The right of withdrawal from the contract is the consumer’s right to terminate a contract by informing the other party within the specified withdrawal period, without giving any reason to justify their decision, without incurring any costs and without any penalty whatsoever. Any contractual provisions imposing a penalty on the consumer in the event that the right of withdrawal is exercised shall be null and void. The withdrawal right applies in retail contracts, in distance and off-premises contracts and in instalment sales of movable goods.
The right of withdrawal in retail contracts is subject to the general rules through the express reference made by the Retail Trade Act (article 10) to the Consumer Defence Act and to other supplemental statutes (articles 68-79 and 102-108). The consumer shall have a period of at least 14 calendar days counted from the date of delivery of the goods to withdraw from the contract. This is applicable to any kind of retail contracts provided that the buyer is a consumer.

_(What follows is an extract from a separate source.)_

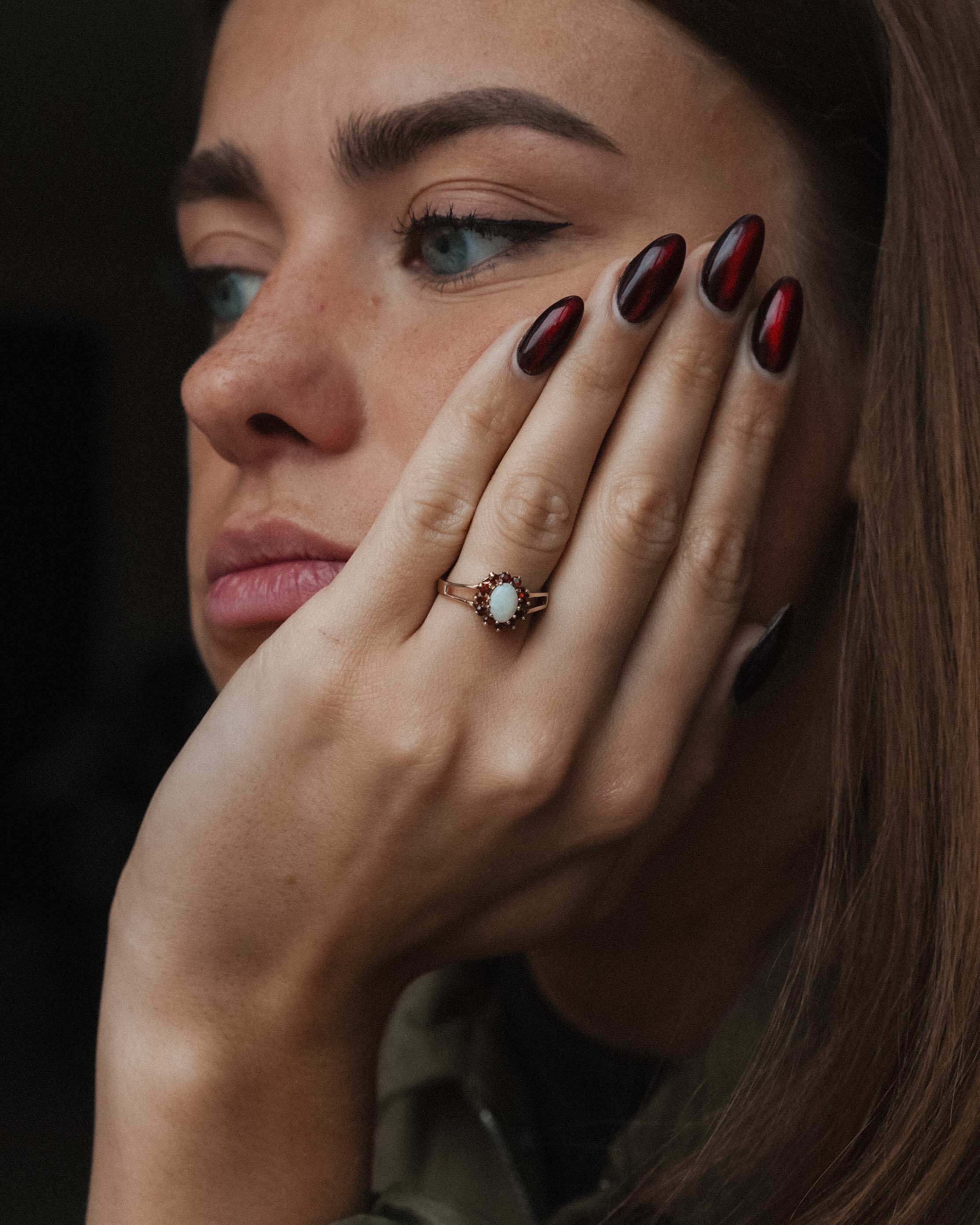 Lyne | Vintage Opaal & Granaat Halo Ring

In distance and off-premises contracts, with the exception of contracts concluded at a public auction, there is a special regulation: the consumer will have the right to withdraw from the contract within a period of 14 calendar days without giving any reason and without incurring any costs other than as specified below. The withdrawal period shall expire after 14 calendar days from the date on which the consumer, or a third party other than the carrier and indicated by the consumer, acquires physical possession of the goods.

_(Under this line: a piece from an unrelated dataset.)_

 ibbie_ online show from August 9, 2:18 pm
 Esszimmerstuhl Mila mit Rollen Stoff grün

Duties of businesses selling to consumers
Are there any other obligations for art businesses selling to consumers?
Public auctions are regulated in articles 56 to 61 of the Retail Trade Act, setting out the obligations of the auctioneer or auction house, the obligations of the owner of the goods being auctioned, the formal obligations, the relationship between the auction house and the bidders, the non-recoverability of any movable goods acquired in the public auction, and the joint and several liability of the auctioneer and the owner of the goods in the event of breach of the applicable disclosure obligations and in the event of defects in the goods (either as (i) misrepresentation of the auctioneer; (ii) error in the description of the features and characteristics of the good; or (iii) error in not noticing the defects).
There are special rules applicable to public auctions in venues specialised in precious objects or works of art (article 58 of the Retail Trade Act). The offer for sale in public auction must include an accurate description of the relevant goods, including a reference to whether the specified features are certain or merely estimated or assessed by an expert. In particular, where the object for sale in a public auction is an imitation, or an object that appears to be a precious object but in reality is not, the fact must be expressly disclosed in any notices and advertising published, as well as in any invitations to make bids. This obligation will also apply to the sale of precious objects or works of art that are offered to the public otherwise than in public auction.
A special statute, Law No. 43/2007 of 13 December 2007, will apply to the legal relations between the consumers and the businesses or professionals engaging in the sale of stamps, works of art, antiques, jewels and other goods, with the offer to return at a later stage, in one or several instalments, all or part of the purchase price settled by the consumer or an equivalent sum, with or without a provision for the appreciation of the amounts involved.
Lastly, distance and off-premises sales, where the purchaser is a consumer, are regulated by the applicable provisions of the Consumer Defence Act (articles 92-113). Contracts concluded by electronic means are governed by the rules on distance contracts and by Law No. 34/2002, on information society services and electronic commerce (article 23).